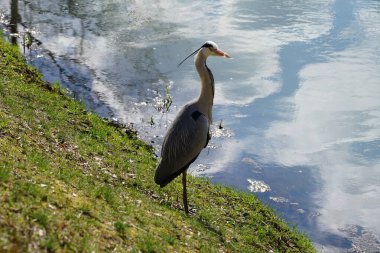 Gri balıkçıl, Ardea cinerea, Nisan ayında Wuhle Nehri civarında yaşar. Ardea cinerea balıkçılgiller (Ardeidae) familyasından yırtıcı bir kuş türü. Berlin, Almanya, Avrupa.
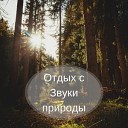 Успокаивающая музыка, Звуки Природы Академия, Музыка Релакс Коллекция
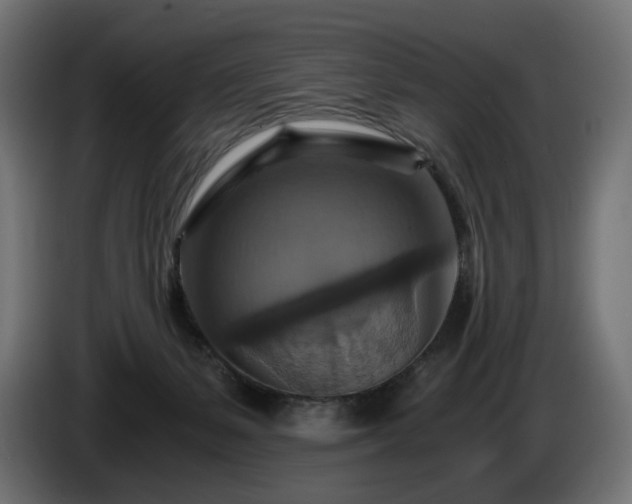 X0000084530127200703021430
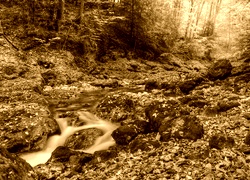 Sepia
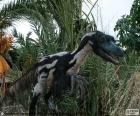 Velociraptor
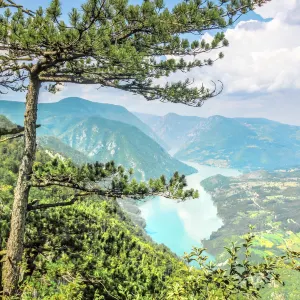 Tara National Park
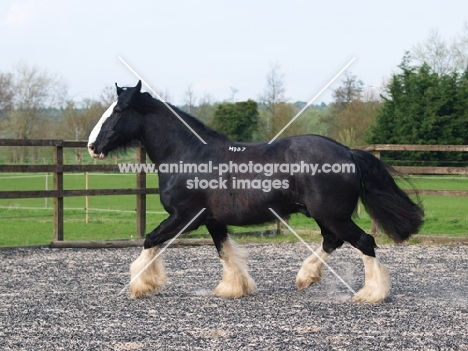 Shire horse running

※ ※ ※

> **BRIEF**: Repeat the material above exactly; any picture in it is left out.

> **EXERCISE ANSWER**:
 Gri balıkçıl, Ardea cinerea, Nisan ayında Wuhle Nehri civarında yaşar. Ardea cinerea balıkçılgiller (Ardeidae) familyasından yırtıcı bir kuş türü. Berlin, Almanya, Avrupa.
 Успокаивающая музыка, Звуки Природы Академия, Музыка Релакс Коллекция
 X0000084530127200703021430
 Sepia
 Velociraptor
 Tara National Park
 Shire horse running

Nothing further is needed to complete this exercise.